Here update() invocation won't cause compilation errors because both lifetimes (of Y and of X, reference to which is contained in Y) are 'static.

Let's consider your example, for comparison:

impl<'a> MyStruct<'a> {
    fn new(arg : &'a i32) -> MyStruct<'a> {
        let initial = vec![Box::new(1), Box::new(2)];
        let mystruct = MyStruct { v : initial, p : &arg };

        mystruct.update();

        mystruct
    }
}

Here we have a lifetime parameter, 'a, which is supplied by the caller of the function. For example, the caller could call this function with a static reference:

static X: i32 = 12345;

MyStruct::new(&X);  // here &X has static lifetime

However, when update() method is invoked, mystruct lifetime is bounded by the block it is called in:

{
    let initial = vec![Box::new(1), Box::new(2)];
    let mystruct = MyStruct { v : initial, p : &arg };  // +
                                                        // |
    mystruct.update();                                  // |
                                                        // |
    mystruct                                            // |
}

Naturally, the borrow checker can't prove that this lifetime is the same as the lifetime provided by the caller (and for any possible "external" lifetime it is indeed impossible for them to match), so it throws an error.

When update is defined like this:

fn update(&mut self) { ... }
// or, equivalently
fn update<'b>(&'b mut self) where 'a: 'b { ... }

then when you call it, it is no longer required that the value you call this method on must live exactly as long as 'a - it is sufficient for it to live for any lifetime which is smaller than or equal to 'a - and the lifetime inside the function perfectly matches these requirements. Thus you can call such method on your value, and the compiler won't complain.

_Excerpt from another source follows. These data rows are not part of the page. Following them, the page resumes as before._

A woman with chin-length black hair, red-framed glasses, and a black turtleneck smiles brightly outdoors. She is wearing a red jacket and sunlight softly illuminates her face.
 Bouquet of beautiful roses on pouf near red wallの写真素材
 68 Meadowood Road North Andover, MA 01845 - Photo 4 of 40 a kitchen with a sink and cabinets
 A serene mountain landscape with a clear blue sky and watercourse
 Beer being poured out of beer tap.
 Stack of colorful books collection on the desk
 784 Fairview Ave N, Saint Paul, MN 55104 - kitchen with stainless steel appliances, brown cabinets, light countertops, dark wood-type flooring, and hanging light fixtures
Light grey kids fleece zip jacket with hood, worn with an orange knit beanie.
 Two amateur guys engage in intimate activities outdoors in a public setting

Additionally (as noticed in the comments) the following line is indeed invalid and there is no way around it:

self.p = &self.v.last().unwrap();

The borrow check fails here because you're trying to store a reference with lifetime of the structure into the structure itself. In general this can't be done because it has nasty soundness issues. For example, suppose you were indeed able to store this reference into the structure. But now you can't mutate Vec<Box<i32>> in the structure because it may destroy an element which the previously stored references points at, making the code memory unsafe.

It is impossible to check for such things statically, and so it is disallowed on the borrow checking level. In fact, it is just a nice consequence of general borrow checking rules.